Turns out that block is trivial to circumvent, however, simply by misspelling the word ‘gun’.
On Tuesday, a Twitter user shared several screenshots of them first searching for ‘handgun’ on Google Shopping. The search returned no results. But when they entered ‘handgnu’ instead, Google returned a list of relevant results. They also found that typing in “fully automatic firearm,” instead of “fully automatic gun” provided results.
Motherboard replicated and confirmed the issue on Wednesday.
A Google spokesperson told Motherboard in an email, “Thank you for flagging. We're experiencing an error in our Shopping results and are working to address it.”
Google said it banned weapons related listing on Google Shopping back in 2012, and pointed to its policy against the sale of guns and functional parts.
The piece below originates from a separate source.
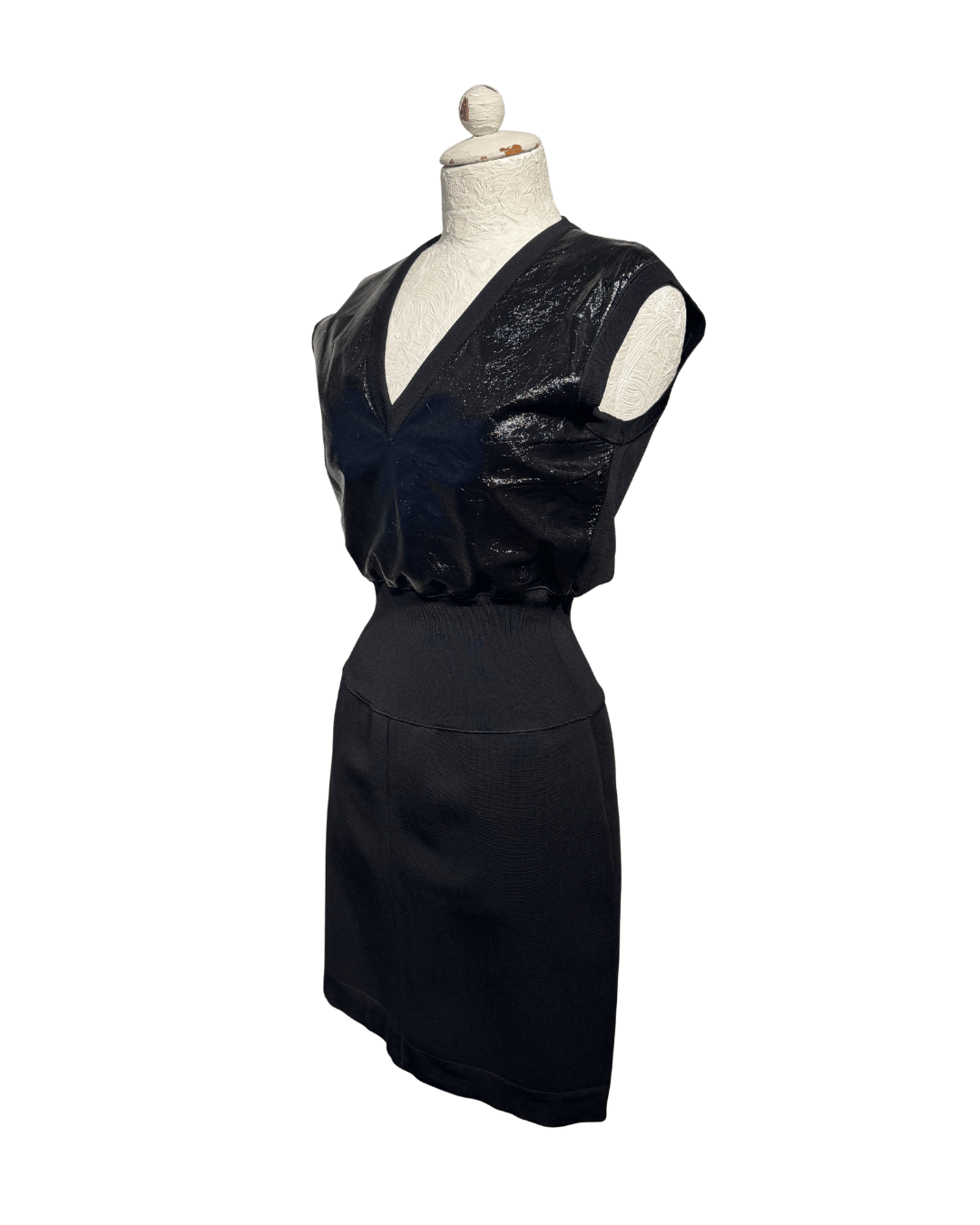 ABITO LOUIS VUITTON CON DETTAGLIO IN PELLE LUCIDA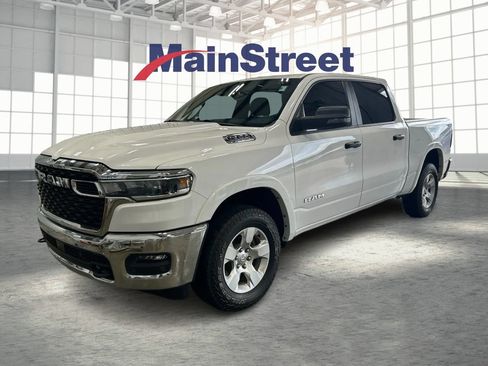 Used 2025 RAM 1500 Big Horn AWD/4WD image 1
That includes “Any part or component necessary to the function of a gun,” the policy reads.
Google said it conducts daily manual sweeps for these sorts of listings on top of its automatic systems, and that some Shopping searches returned results for bump stocks—weapon modifications that can essentially turn a semi-automatic rifle into a fully automatic weapon. Google said it has removed those offending results and it is reviewing further to make sure it doesn’t happen again.
In another direction, Google Shopping’s systems around weapons stopped results returning for searches of innocuous items, such as “Burgundy wine,” The Telegraph reported on Tuesday.